Second, it’s obviously a problem if Zunino swings and misses at breaking balls diving out of the zone. His other problem, though, is hitting them. Scott Lindholm had a great article on hitting pitches out of the zone a few months back at Beyond the Box Score. Within that is a great Tableau visualization/table comparing each batter’s BA and SLG% for in-zone pitches and out-of-zone pitches. It’s well worth diving into and playing with. What it’s showing you is that there are a few different ways to be a good hitter. For those hitters with massive, massive gaps in in-zone vs. out-of-zone production, you need to do serious damage on strikes. So, Jose Abreu, Devin Mesoraco, Giancarlo Stanton, Steve Pearce, Adam Dunn are all clustered near the top. Freakish, 70-80 grade power helps, but so does plate discipline – that’s why Dunn and Stanton are here.

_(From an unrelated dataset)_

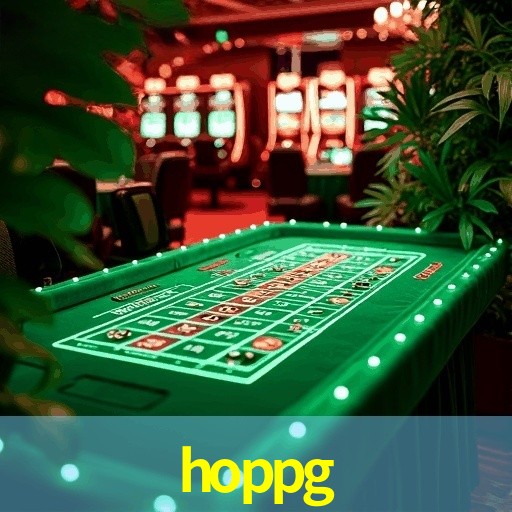 HOPPG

That’s not the only approach, however. Sandoval has a predictably small gap. If he had his approach and wasn’t successful, he’d have washed out of the league years ago. As it is, he’s actually a pretty decent bad-ball hitter, and while his stats are worse, they’re not atrocious when he hits a ball. Same thing with Adam Jones, another guy with a poor BB:K ratio and some pop. He doesn’t really recognize the strike zone all that well, but he can hit bad balls well enough that the discipline issue isn’t critical. The final approach is just being good at everything, and that’s where we find Mike Trout, who destroys strikes and is suprisingly decent on balls, especially given his well-known struggles with high fastballs. In any event, just as you can be effective with a really small gap between strikes and balls, or with a really huge gap, you start to see the flip side of the coin, the evil Spock approach that could produce similar results. For example, if you’re not strong enough to do serious damage on strikes, then you’re going to have a Sandovalian gap but without Sandovalian production – this is the sad state that, say, Endy Chavez and Justin Smoak find themselves in. With Smoak in particular, it’s not that he didn’t recognize the strike zone – he was pretty good at that. It’s that even when he got his pitch, he couldn’t do much with it. And what the gap doesn’t tell you is the rate at which you put balls and strikes into play. Thus, having a very large gap isn’t helpful if you put too many bad pitches in play. Unfortunately, this is the situation Zunino finds himself in. He’s not yet good enough to SLG *enough* on balls that 2-strike counts aren’t a kind of death sentence. But unless he tightens the strike zone, he’ll keep seeing more and more balls.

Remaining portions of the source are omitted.